▶ _Provided information_:

########################################

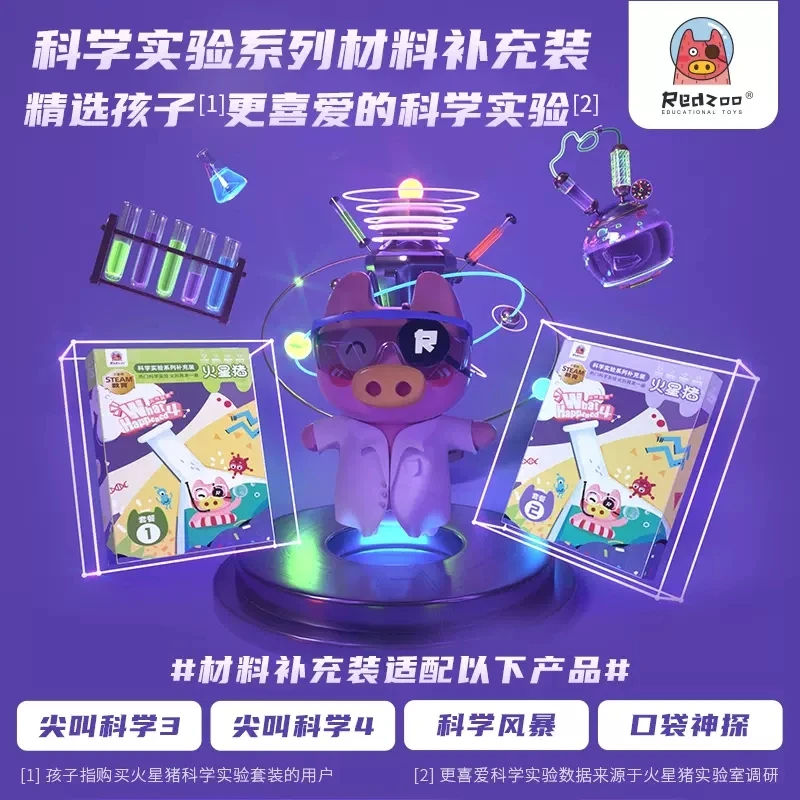 科学小实验【材料补充装】需配合科学正装一起使用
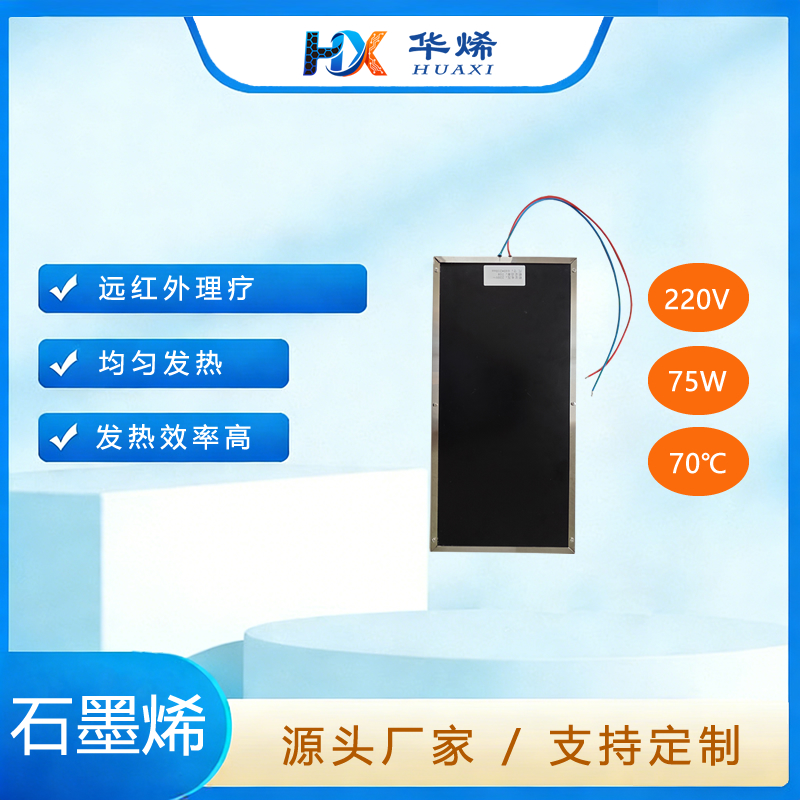 频谱光波房 石墨烯加热片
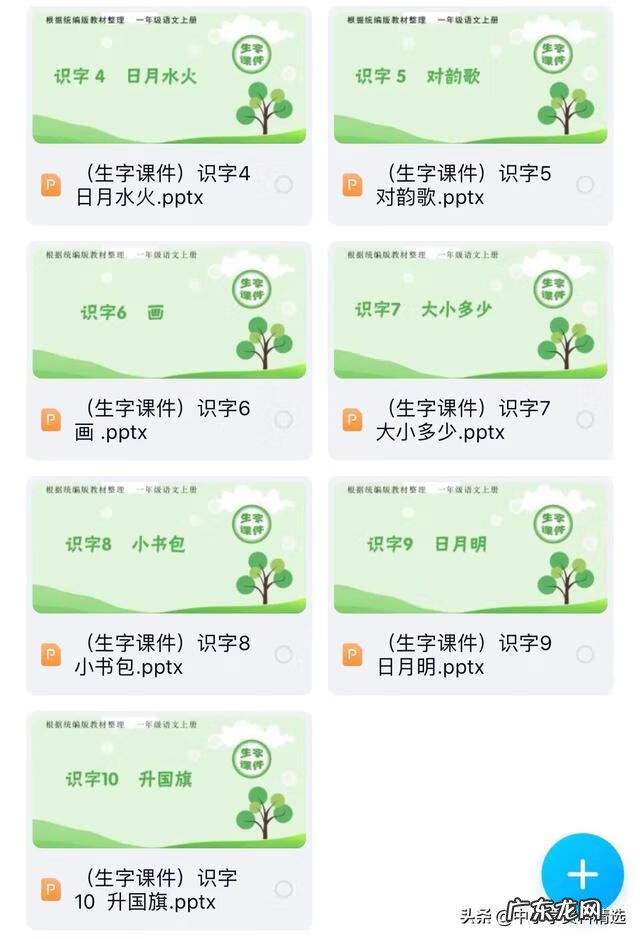 人教版一年级上册语文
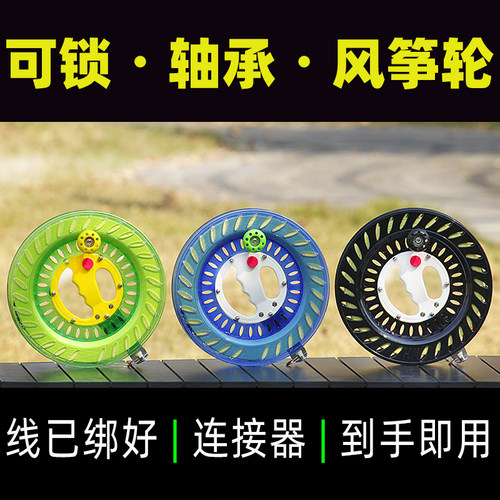 可锁住手摇风筝线轮盘顺滑实用型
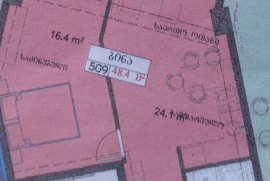 Apartment for sale, 2 Room, New building, Tbilisi, Varketili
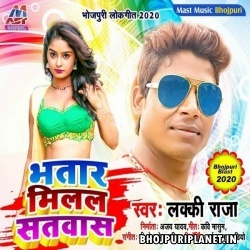 Bhatar Hamar Sakhi Satwas Mila Hai Mp3 Song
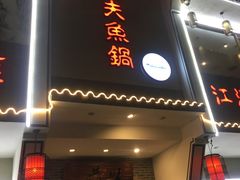 门面-船夫鱼锅(衢江路店)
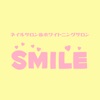 nail salon SMILE オフィシャルアプリ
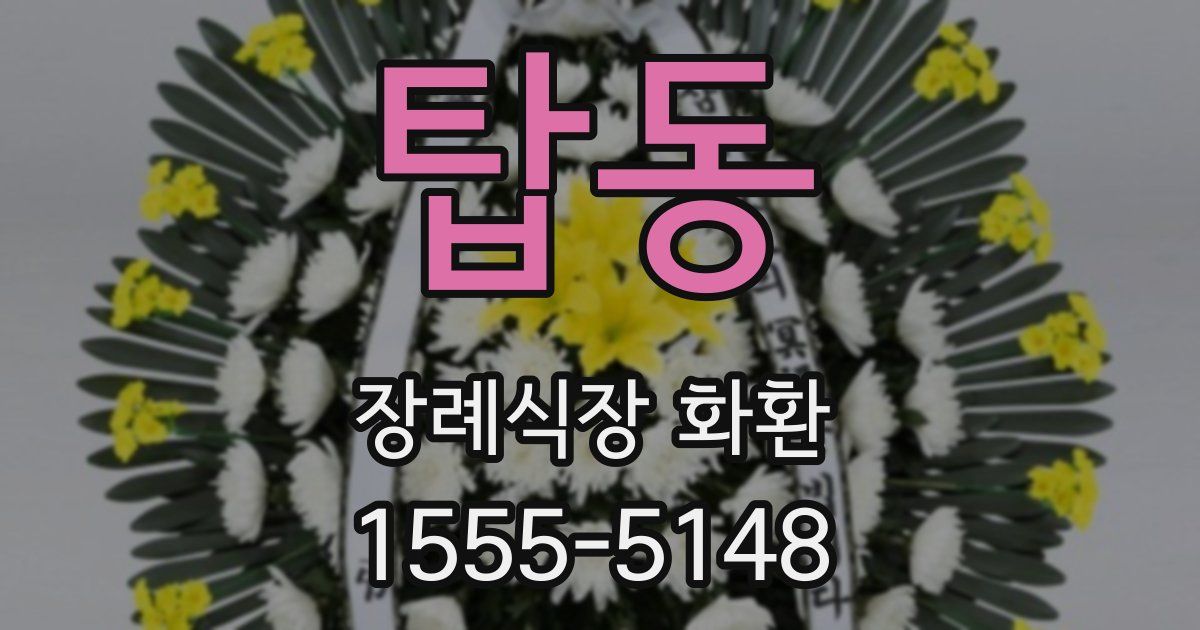 탑동 장례식장 화환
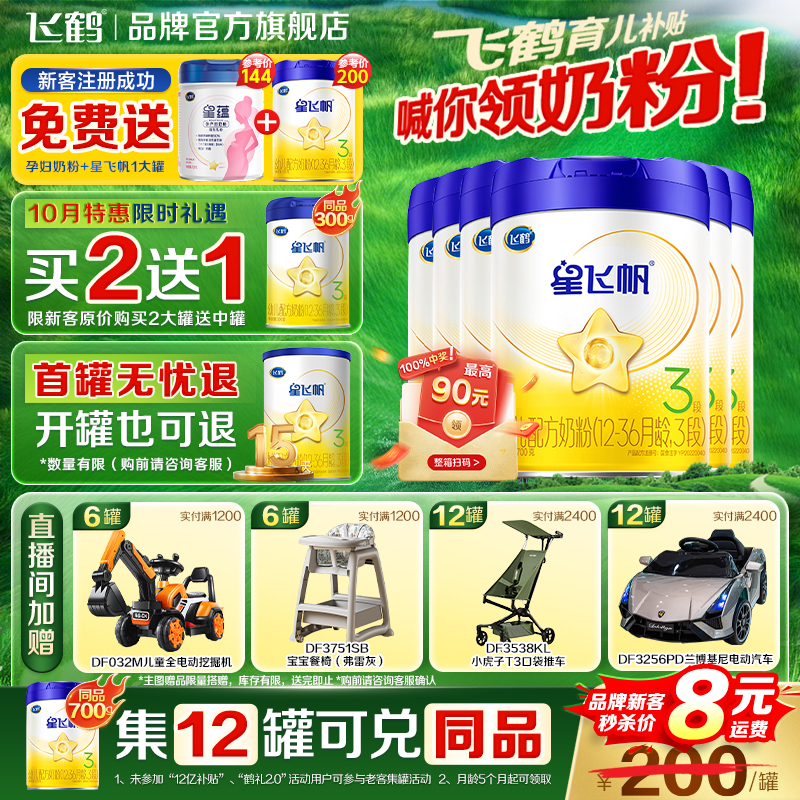 飞鹤星飞帆奶粉3段700g*6罐装婴儿三段官方旗舰店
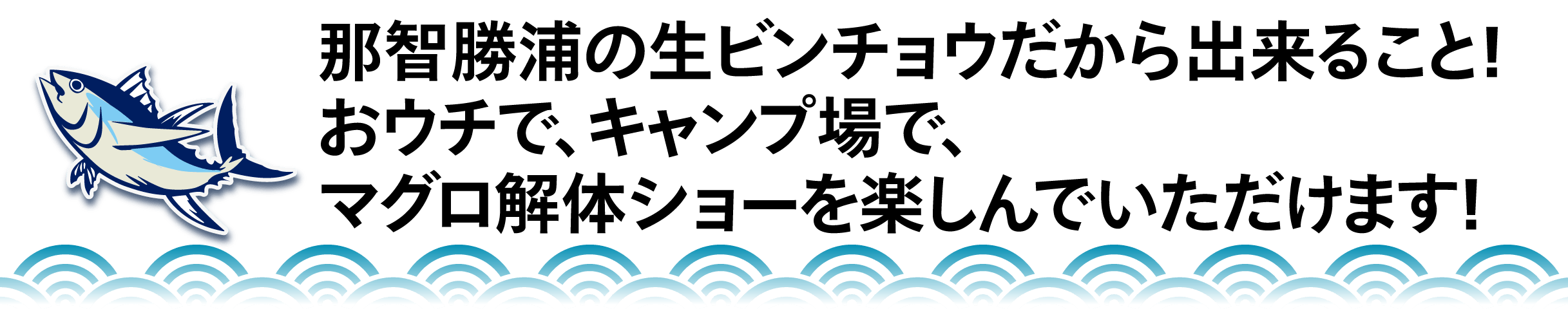 那智勝浦の生ビンチョウだから出来ること！ おウチで、キャンプ場で、 マグロ解体ショーを楽しんでいただけます！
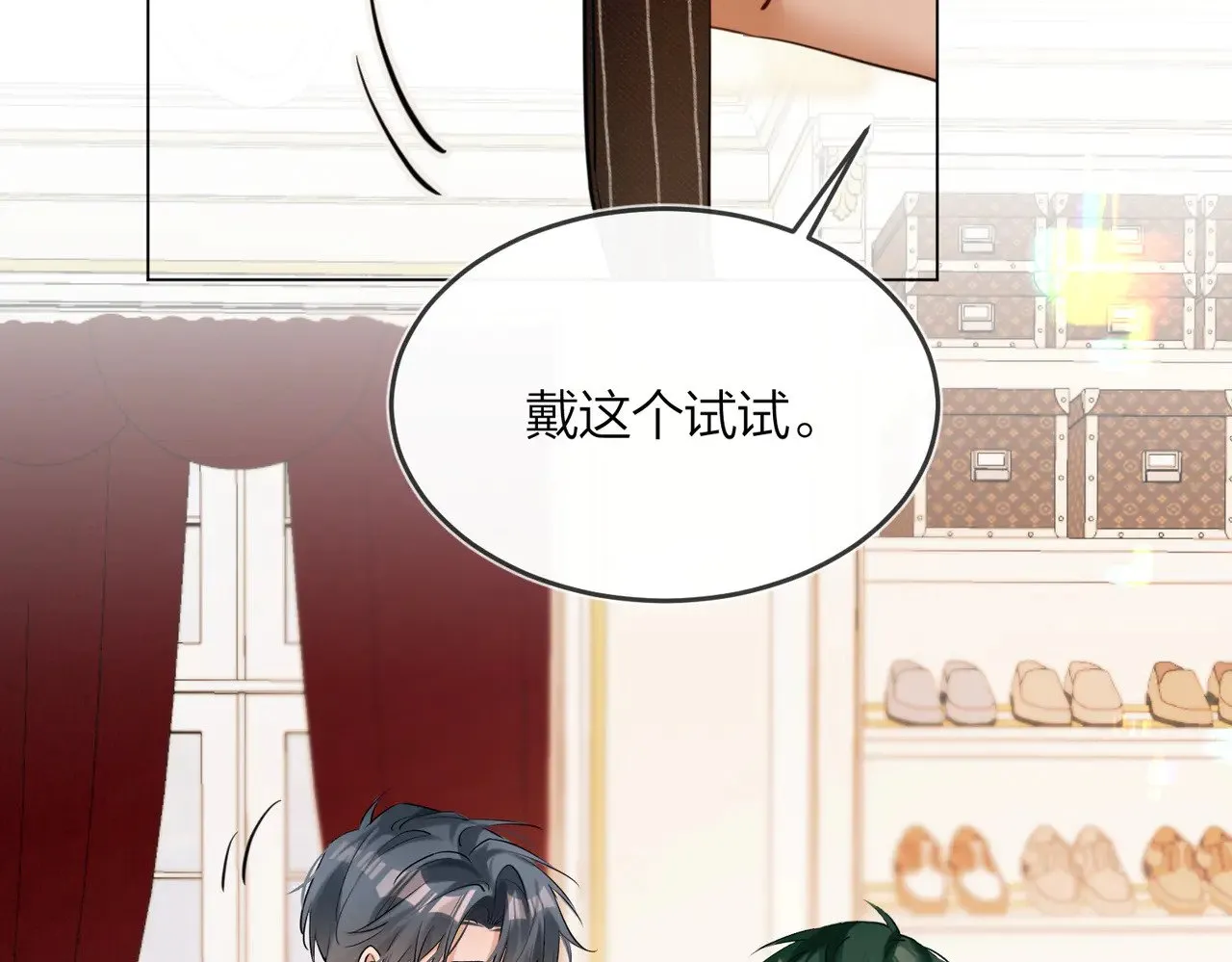 第47话 共事31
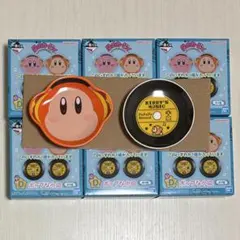 一番くじ　星のカービィ　プププリミックス　D賞　ポップな小皿　ワドルディ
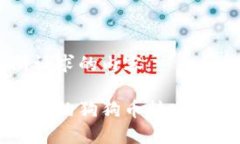 以下是您所请求的内容：如何将币安上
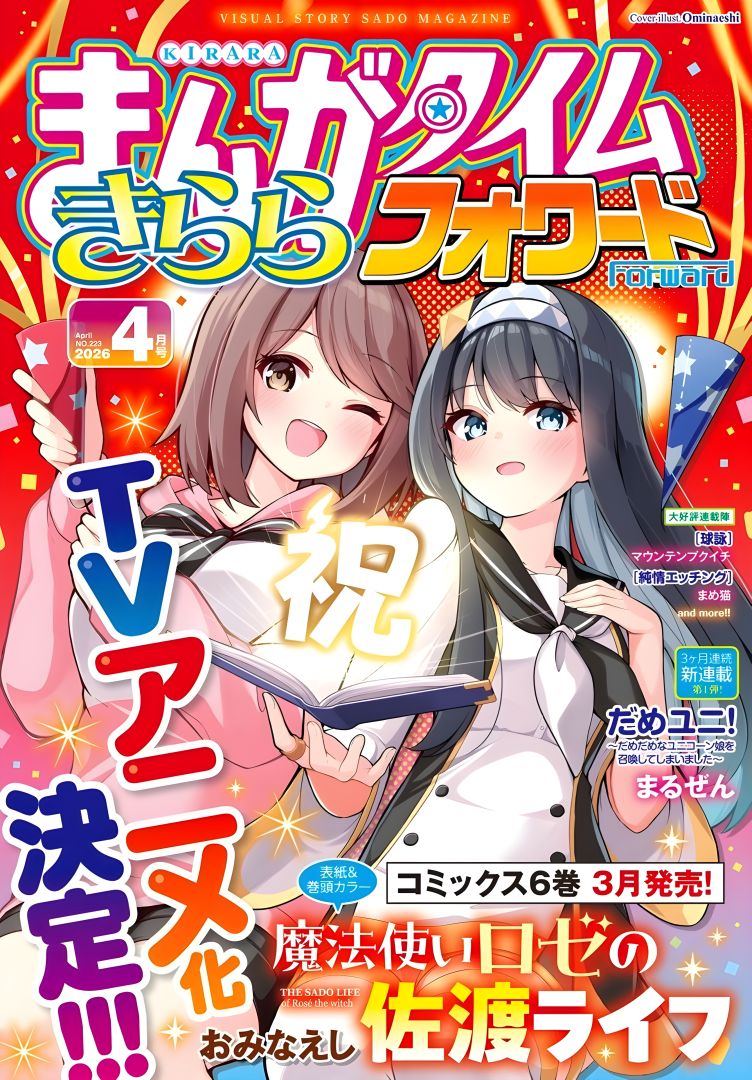 L'isekai inversé La Vie Sado de Rosé la Sorcière aura une adaptation en anime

########################################

▶ _What is expected_:
Look above for the line containing "Bhatar Hamar Sakhi Satwas Mila Hai Mp3 Song" and the line containing "以下是您所请求的内容：如何将币安上", then reproduce both and everything between them exactly, pictures omitted.

▶ _Written response_:
 Bhatar Hamar Sakhi Satwas Mila Hai Mp3 Song
 门面-船夫鱼锅(衢江路店)
 nail salon SMILE オフィシャルアプリ
 탑동 장례식장 화환
 飞鹤星飞帆奶粉3段700g*6罐装婴儿三段官方旗舰店
 那智勝浦の生ビンチョウだから出来ること！ おウチで、キャンプ場で、 マグロ解体ショーを楽しんでいただけます！
 第47话 共事31
 一番くじ　星のカービィ　プププリミックス　D賞　ポップな小皿　ワドルディ
 以下是您所请求的内容：如何将币安上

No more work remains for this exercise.